** Work item **
The response must consist of the lines below from the one with "Televisión Mundo natural: orangutanes" through the one with "summer, toy, wooden_fence", exactly as they appear and with both ends kept.

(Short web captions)

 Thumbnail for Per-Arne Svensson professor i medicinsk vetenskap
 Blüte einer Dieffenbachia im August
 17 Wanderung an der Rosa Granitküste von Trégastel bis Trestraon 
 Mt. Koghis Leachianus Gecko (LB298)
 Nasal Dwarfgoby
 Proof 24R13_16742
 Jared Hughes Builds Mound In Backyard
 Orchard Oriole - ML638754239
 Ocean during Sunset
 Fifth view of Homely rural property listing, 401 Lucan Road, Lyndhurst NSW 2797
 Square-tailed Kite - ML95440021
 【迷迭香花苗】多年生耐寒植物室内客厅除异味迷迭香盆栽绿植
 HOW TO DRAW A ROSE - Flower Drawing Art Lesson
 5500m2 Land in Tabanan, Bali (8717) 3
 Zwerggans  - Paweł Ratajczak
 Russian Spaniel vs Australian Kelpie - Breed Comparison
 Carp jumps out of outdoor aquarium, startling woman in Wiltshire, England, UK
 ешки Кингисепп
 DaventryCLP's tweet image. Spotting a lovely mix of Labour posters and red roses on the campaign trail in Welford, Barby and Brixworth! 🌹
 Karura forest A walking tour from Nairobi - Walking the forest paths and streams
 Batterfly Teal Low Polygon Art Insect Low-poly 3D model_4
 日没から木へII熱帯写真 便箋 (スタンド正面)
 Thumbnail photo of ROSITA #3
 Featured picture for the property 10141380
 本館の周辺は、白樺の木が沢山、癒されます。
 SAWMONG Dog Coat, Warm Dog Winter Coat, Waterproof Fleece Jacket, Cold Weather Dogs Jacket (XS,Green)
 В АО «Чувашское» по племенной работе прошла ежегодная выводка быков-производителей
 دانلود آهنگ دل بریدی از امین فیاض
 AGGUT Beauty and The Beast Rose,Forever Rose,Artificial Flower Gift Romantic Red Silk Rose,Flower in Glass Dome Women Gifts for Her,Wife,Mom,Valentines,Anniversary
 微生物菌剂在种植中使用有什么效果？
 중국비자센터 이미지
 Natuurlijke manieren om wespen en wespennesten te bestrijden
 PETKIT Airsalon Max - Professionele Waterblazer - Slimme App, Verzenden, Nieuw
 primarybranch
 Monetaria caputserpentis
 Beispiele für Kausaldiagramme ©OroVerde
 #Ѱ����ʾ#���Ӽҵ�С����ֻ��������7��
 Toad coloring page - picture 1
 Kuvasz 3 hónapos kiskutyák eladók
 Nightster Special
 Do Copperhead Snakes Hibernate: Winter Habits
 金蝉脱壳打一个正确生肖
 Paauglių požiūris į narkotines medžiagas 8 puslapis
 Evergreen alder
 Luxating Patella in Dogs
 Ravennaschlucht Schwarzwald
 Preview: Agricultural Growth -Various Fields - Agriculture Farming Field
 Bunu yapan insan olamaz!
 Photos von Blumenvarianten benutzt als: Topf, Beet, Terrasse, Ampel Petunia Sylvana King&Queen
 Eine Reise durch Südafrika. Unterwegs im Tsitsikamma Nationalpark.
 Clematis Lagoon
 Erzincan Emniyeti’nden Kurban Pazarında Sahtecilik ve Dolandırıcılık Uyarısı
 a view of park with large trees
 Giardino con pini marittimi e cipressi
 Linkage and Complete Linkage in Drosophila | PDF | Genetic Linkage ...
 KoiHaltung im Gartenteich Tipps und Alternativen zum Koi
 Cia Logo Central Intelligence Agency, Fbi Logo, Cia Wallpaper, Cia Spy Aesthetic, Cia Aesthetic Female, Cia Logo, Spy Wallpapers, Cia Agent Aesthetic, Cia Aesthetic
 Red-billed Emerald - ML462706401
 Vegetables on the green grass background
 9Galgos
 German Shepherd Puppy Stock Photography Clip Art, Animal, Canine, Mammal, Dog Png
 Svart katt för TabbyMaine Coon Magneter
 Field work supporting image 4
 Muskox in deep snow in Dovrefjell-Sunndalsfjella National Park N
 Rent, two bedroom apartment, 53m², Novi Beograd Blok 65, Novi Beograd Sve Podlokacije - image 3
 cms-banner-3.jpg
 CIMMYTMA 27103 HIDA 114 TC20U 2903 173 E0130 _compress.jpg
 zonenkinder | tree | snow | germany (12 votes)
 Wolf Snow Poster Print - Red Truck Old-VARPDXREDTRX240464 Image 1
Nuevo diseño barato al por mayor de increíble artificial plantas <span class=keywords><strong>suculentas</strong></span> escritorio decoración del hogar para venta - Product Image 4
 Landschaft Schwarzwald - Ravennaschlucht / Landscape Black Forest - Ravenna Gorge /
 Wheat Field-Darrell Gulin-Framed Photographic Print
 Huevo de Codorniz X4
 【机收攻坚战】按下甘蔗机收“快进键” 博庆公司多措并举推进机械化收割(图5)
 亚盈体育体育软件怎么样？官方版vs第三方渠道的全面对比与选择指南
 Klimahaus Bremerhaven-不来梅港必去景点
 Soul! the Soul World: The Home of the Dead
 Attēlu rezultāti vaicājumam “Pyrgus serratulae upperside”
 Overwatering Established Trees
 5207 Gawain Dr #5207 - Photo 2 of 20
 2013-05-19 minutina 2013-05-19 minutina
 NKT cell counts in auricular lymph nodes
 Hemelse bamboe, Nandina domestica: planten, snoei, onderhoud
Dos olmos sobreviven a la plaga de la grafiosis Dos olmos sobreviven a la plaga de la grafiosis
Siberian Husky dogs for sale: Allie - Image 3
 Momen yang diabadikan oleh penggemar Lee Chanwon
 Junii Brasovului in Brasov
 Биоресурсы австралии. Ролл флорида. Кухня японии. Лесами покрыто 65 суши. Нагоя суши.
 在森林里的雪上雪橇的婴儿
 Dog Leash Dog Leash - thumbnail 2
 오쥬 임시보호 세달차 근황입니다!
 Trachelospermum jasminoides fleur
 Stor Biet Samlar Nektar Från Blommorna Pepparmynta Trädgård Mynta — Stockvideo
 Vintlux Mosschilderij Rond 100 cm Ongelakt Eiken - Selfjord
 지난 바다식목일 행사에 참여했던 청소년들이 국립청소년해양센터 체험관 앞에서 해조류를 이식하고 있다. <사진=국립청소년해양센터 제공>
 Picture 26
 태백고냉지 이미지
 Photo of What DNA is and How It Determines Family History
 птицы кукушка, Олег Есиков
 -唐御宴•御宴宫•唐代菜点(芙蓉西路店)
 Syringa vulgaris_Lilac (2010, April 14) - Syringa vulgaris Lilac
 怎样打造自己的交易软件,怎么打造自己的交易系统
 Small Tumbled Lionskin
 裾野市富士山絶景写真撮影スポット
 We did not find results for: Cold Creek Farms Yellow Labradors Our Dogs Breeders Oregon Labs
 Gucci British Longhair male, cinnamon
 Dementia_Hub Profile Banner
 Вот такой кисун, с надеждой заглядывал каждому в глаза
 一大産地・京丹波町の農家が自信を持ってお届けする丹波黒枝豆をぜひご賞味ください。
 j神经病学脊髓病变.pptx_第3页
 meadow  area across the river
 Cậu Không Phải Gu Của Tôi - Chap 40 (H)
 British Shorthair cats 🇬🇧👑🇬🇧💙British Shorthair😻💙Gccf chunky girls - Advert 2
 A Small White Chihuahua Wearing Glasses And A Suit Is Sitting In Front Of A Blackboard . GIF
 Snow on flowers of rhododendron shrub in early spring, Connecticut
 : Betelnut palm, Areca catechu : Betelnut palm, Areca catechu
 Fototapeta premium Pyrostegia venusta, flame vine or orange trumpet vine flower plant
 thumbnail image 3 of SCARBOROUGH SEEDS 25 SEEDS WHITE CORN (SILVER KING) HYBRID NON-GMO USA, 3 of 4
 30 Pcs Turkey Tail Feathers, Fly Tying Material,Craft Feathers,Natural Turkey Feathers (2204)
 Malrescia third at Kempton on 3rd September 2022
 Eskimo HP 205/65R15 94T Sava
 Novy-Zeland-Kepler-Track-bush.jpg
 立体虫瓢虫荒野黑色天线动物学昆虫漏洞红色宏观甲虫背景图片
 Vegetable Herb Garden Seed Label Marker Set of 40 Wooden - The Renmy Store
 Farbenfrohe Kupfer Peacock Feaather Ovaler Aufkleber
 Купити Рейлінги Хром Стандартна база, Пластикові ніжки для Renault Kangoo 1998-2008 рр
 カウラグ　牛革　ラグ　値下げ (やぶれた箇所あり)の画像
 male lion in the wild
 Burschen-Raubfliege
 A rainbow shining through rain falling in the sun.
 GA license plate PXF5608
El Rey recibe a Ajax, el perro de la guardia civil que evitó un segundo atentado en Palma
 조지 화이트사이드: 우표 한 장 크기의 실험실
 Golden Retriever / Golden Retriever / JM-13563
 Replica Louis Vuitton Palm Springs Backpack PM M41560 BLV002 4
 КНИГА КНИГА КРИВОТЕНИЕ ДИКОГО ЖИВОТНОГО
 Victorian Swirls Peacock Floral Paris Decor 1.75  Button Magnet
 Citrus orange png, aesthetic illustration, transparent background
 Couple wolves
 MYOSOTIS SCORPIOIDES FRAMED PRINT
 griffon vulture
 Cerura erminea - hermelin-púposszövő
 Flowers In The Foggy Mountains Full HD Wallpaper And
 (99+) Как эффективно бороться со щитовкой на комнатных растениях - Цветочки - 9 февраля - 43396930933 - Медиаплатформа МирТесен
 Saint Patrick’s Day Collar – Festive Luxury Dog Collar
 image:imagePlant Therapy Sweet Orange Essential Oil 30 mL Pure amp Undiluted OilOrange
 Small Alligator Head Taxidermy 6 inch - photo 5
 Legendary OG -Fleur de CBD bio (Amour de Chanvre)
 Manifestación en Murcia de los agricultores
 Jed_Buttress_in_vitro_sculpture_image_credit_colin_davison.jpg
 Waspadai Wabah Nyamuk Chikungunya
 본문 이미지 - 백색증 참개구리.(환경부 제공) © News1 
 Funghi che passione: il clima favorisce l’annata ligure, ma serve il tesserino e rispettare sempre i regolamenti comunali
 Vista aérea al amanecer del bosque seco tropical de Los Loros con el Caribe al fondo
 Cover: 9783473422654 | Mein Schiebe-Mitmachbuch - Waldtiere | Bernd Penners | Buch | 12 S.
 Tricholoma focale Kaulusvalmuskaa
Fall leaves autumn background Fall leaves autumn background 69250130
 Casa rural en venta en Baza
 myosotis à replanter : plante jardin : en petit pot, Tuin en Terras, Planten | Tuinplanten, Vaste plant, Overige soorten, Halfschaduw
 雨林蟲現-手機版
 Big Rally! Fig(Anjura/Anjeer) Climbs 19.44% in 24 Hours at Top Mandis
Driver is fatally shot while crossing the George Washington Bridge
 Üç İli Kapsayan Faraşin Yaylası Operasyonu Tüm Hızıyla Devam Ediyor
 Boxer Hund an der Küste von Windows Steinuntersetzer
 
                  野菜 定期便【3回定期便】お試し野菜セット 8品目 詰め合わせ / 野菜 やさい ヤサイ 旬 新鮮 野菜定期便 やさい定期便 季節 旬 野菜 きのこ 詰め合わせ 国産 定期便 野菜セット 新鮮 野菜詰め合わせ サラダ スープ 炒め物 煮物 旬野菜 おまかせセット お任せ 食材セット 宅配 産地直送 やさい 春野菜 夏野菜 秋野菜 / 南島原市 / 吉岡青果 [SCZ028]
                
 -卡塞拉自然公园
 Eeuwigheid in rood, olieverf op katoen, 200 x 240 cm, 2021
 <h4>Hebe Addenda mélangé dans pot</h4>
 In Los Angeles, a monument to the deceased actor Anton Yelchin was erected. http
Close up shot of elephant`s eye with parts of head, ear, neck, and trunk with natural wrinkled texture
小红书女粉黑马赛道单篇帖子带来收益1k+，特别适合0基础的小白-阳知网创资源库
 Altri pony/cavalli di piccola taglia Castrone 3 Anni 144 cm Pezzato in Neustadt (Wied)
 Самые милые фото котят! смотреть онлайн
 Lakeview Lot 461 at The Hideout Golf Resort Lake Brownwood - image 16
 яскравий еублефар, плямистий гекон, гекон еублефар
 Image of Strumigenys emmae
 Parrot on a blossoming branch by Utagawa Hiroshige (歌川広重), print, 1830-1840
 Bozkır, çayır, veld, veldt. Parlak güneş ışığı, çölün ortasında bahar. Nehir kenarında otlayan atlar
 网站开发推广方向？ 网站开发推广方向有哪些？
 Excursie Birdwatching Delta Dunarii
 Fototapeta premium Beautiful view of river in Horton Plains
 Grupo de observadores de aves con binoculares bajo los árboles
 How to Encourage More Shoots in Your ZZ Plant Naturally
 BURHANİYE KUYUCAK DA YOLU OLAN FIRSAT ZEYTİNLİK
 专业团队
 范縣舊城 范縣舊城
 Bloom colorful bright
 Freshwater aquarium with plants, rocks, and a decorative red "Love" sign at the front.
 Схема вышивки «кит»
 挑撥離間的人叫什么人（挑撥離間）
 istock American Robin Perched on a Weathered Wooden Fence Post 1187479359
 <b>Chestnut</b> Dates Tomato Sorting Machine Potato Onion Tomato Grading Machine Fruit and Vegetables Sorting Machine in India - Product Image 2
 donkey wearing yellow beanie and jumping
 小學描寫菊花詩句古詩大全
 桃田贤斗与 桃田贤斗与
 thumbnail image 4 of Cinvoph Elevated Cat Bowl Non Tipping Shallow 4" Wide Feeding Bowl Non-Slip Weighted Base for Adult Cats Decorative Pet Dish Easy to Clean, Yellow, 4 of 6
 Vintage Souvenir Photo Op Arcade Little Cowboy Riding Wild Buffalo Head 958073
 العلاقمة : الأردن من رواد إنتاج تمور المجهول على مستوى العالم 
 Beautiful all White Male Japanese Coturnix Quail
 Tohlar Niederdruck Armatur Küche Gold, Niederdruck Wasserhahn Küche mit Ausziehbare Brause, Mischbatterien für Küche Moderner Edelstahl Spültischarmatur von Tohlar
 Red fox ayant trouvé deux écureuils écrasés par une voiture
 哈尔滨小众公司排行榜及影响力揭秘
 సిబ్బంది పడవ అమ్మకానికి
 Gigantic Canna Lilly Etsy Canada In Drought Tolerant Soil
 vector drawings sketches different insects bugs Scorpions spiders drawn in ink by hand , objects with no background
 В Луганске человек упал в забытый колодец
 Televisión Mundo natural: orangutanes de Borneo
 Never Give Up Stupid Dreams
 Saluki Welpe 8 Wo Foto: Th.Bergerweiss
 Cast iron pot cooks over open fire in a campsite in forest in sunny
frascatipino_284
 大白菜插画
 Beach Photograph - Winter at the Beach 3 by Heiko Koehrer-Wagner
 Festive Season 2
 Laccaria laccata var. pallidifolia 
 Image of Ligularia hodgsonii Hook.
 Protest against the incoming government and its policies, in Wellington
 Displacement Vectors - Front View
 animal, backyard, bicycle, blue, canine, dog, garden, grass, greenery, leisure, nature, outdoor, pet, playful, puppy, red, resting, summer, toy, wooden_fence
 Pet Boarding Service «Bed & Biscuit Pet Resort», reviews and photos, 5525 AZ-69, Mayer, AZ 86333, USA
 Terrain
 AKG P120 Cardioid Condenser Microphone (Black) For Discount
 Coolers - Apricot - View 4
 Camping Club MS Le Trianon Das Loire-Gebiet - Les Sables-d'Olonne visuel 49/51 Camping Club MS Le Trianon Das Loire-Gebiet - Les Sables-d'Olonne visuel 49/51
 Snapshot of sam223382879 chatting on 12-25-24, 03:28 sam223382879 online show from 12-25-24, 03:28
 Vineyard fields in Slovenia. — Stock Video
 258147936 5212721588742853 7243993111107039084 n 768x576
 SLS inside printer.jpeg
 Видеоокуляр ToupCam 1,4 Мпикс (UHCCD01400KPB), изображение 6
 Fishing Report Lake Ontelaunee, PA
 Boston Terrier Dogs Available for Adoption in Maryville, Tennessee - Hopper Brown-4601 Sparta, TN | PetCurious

** Expected answer **
 Televisión Mundo natural: orangutanes de Borneo
 Never Give Up Stupid Dreams
 Saluki Welpe 8 Wo Foto: Th.Bergerweiss
 Cast iron pot cooks over open fire in a campsite in forest in sunny
frascatipino_284
 大白菜插画
 Beach Photograph - Winter at the Beach 3 by Heiko Koehrer-Wagner
 Festive Season 2
 Laccaria laccata var. pallidifolia 
 Image of Ligularia hodgsonii Hook.
 Protest against the incoming government and its policies, in Wellington
 Displacement Vectors - Front View
 animal, backyard, bicycle, blue, canine, dog, garden, grass, greenery, leisure, nature, outdoor, pet, playful, puppy, red, resting, summer, toy, wooden_fence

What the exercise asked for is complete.